Three ways Sweden’s slashed interest rate will boost your finances

Sweden's central bank, the Riksbank, in May lowered the policy rate for the first time in eight years. How could this affect the finances of those of us living in Sweden?

Three ways Sweden's slashed interest rate will boost your finances

Lower mortgage rates

The policy rate is not the same as the interest rate on your mortgage, although they are linked. In a policy rate prognosis from March, the bank predicted that the policy rate could drop to as low as 2.75 percent by the end of 2025, a drop of 1.25 percentage points since the beginning of 2024.

If mortgage rates drop by the same amount, you could expect a drop in the monthly cost of a 3 million kronor mortgage of around 3,000 kronor a month, not including the tax rebate for interest costs.

Higher property prices

As mortgage rates get lower, the housing market is likely to improve, as buyers know their monthly costs aren’t going to skyrocket due to ever-rising interest rates.

If you already own a home and you’re planning on buying and selling at the same time in the market, this will affect you less, as the price of your new home will most likely go up at the same rate as the price of your old home, but this is good news for anyone planning on selling.

It’s worse news for first-time buyers, who will have to save a larger deposit as prices go up, but on the other hand they’ll get lower mortgage rates and a more stable policy rate makes it easier to plan ahead for the future without being surprised by ever-increasing rates.

A stronger Swedish economy

The Riksbank’s decision to lower the interest rate is proof that the bank believes inflation is over – for now at least.

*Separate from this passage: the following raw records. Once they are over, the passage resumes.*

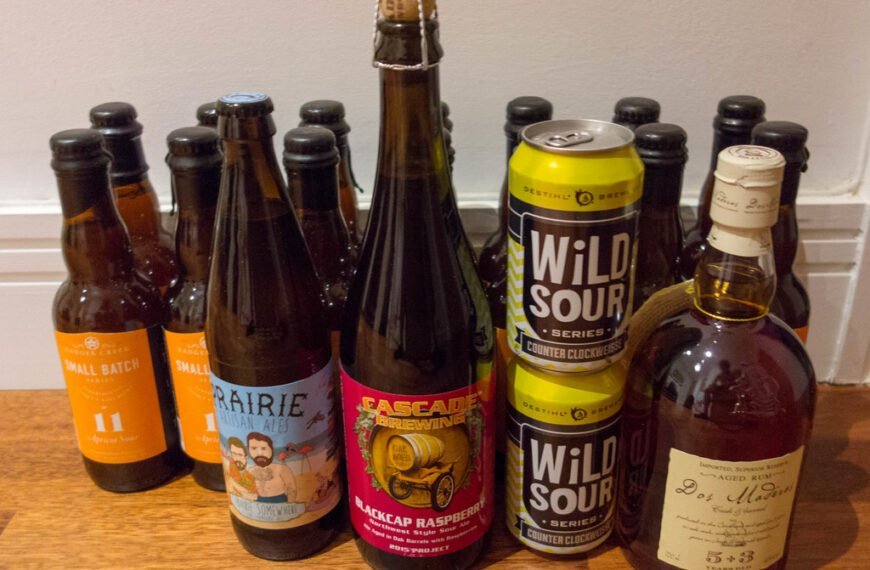 A variety of alcoholic beverages including craft beers and a bottle of aged rum on a table. The beers feature colorful labels from brands like Prairie Artisan Ales and Cascade Brewing, with flavors like tropical sour and blackcap raspberry.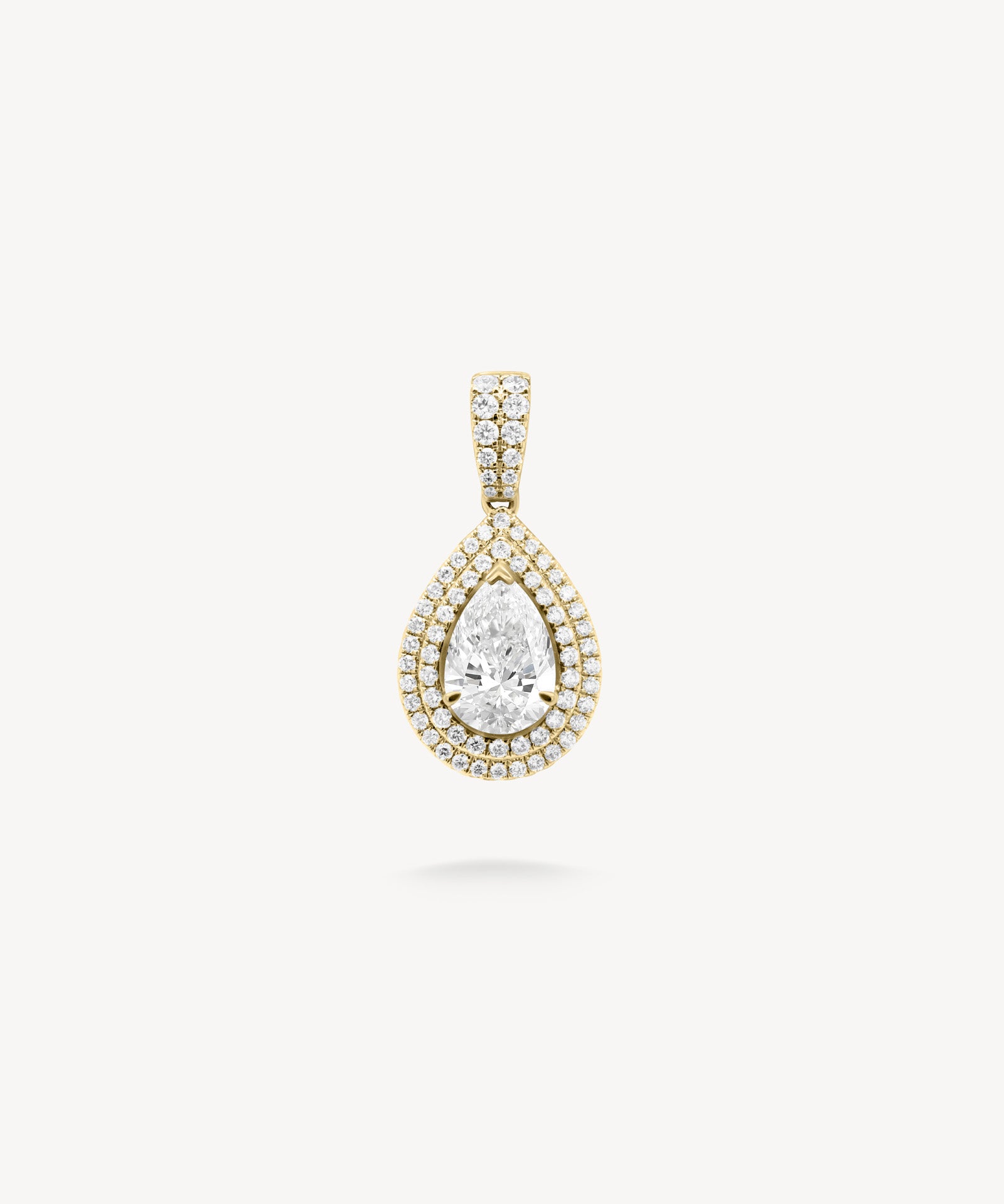 Pear cut diamond double halo pendant in yellow gold
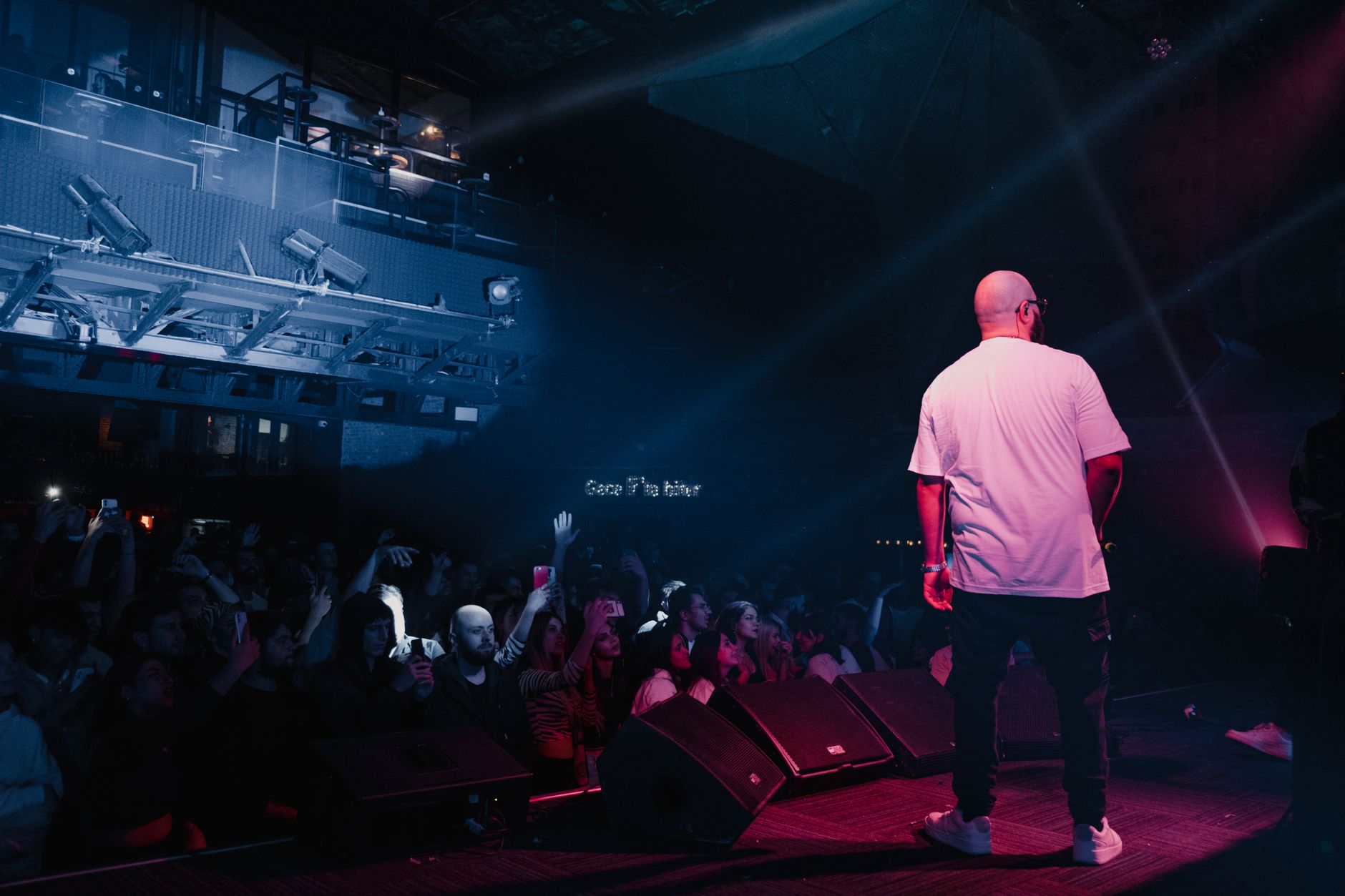 Rapper performing live on stage with vibrant lighting and engaged audience in a concert setting. — Trójmiasto
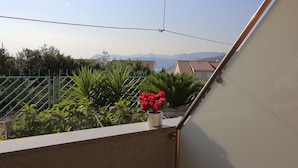 Varanda com vista para montanhas distantes, grade de metal e vegetação.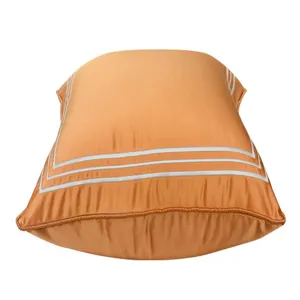 Luxuriöser orange Kissenbezug mit weißem Streifenrand für moderne Sofadekoration.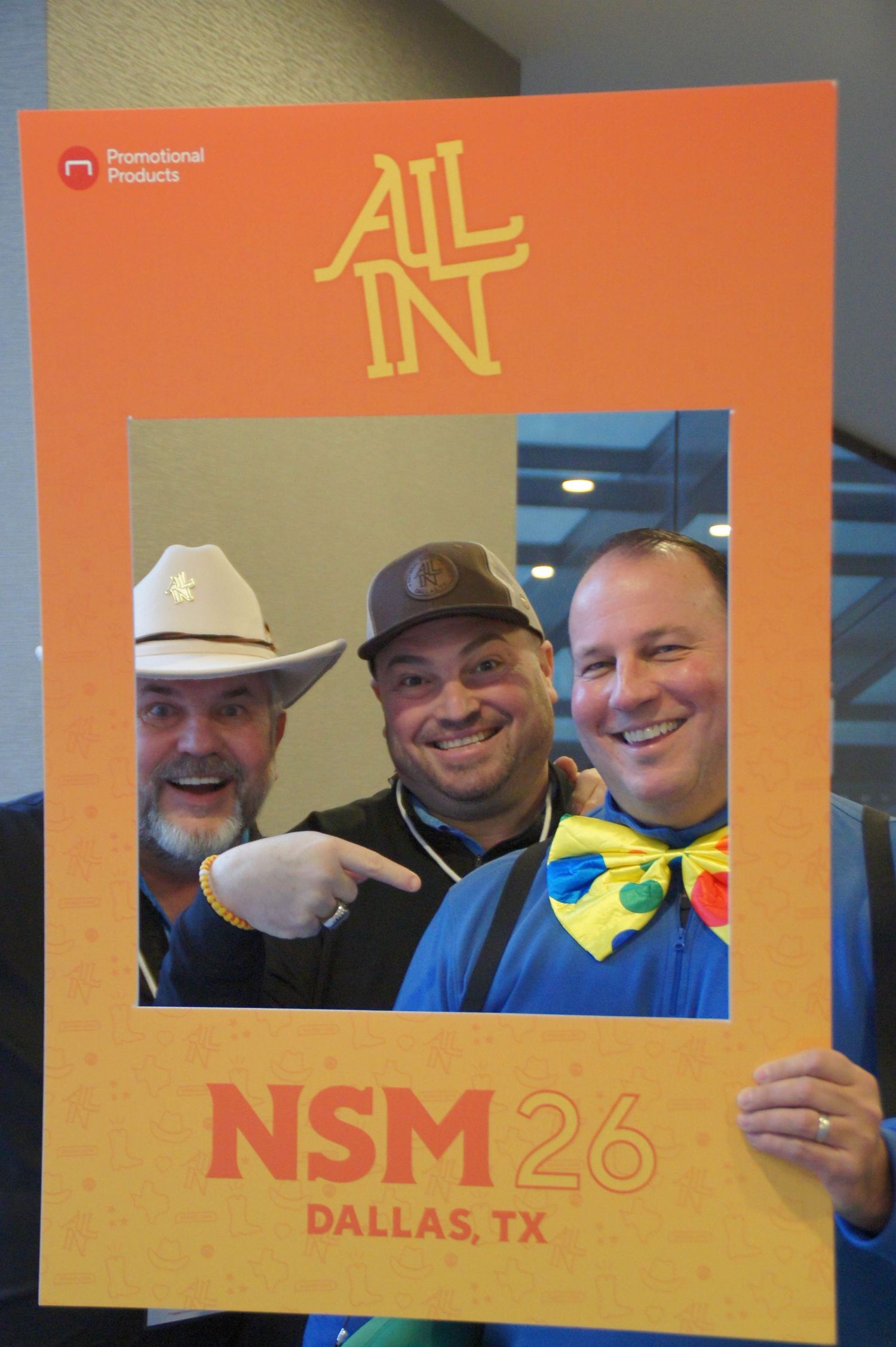 Three men in costumes smile through an All In NSM 26 Dallas TX promotional photo frame.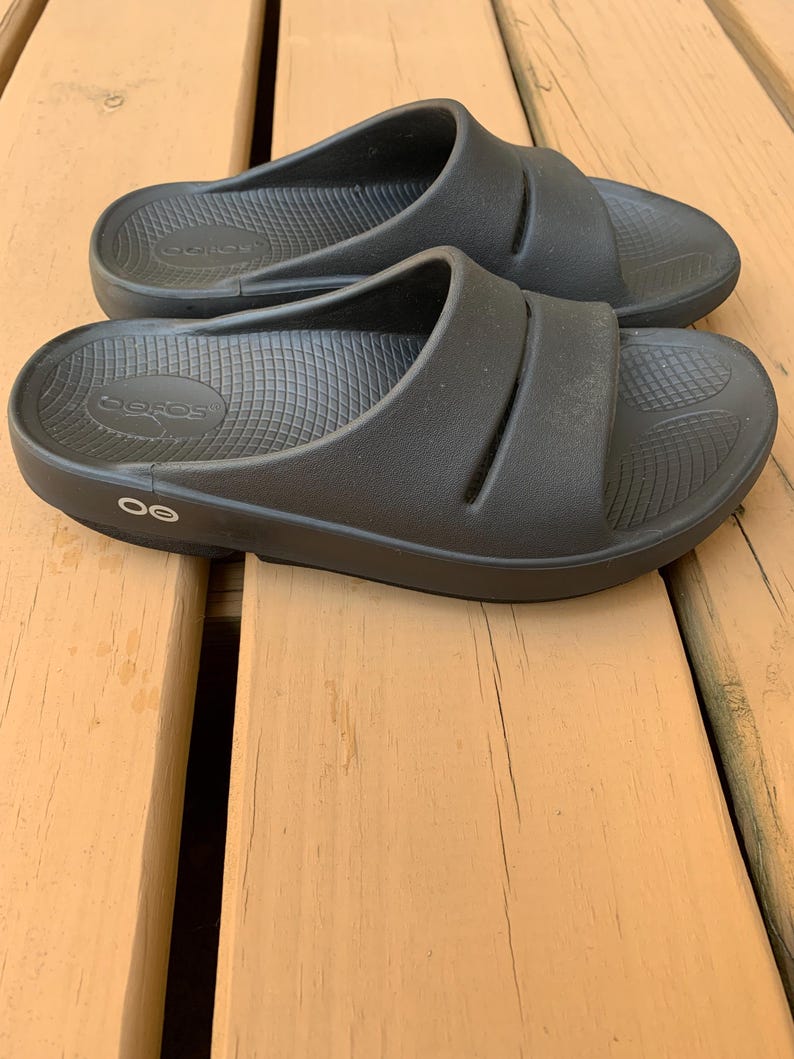 May include: A pair of black slide sandals with a contoured footbed and two straps across the top. The sandals are made of a rubber-like material and are designed for comfort. The brand name "OOFOS" is visible on the footbed.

This means that we can expect to see inflation remain at a more stable level, and we’re unlikely to see anything close to the ten percent inflation we saw at the end of 2022.

Lower inflation means that Swedish monetary policy won’t need to be as cautious or restrictive in the future, as the government and the central bank no longer need to put all their efforts into fighting inflation.

That’s not to say that authorities will start stimulating the economy just yet – they’re likely to proceed with caution to make sure inflation really is down for the long-term – but Thursday’s interest rate announcement indicates that the “economic winter” Finance Minister Elisabeth Svantesson warned of in September last year could be drawing to a close.

Is it all good news?

In the short term, the value of the krona is likely to worsen somewhat, as the central bank has lowered Sweden’s interest rate ahead of other major central banks. The krona weakened slightly after the bank’s announcement on Thursday, dropping 8 öre in value against the dollar and 7 öre against the euro.

This is good news for people with income in other currencies, but bad news for those of us who are paid in kronor.

Having said that, a stronger Swedish economy is good news for the value of the krona in the long term, although it’s difficult to predict when the krona will start to gain in value and by how much.

At the end of last year, Riksbank governor Erik Thedéen described the krona as “undervalued”, and underlined the importance of having strong foundations in the Swedish economy.

“The Swedish economy is, at its foundations, well-managed, and sooner or later this will lead to a stronger exchange rate,” he said. “Sweden has strong finances, a well-educated labour force, responsible salaries and a good underlying level of competition.”

“As anyone who has tried to predict the exchange rate knows, it’s genuinely difficult to say exactly when it will go up and by how much, but it can also happen quickly when the trend is broken and the krona starts to gain in value.”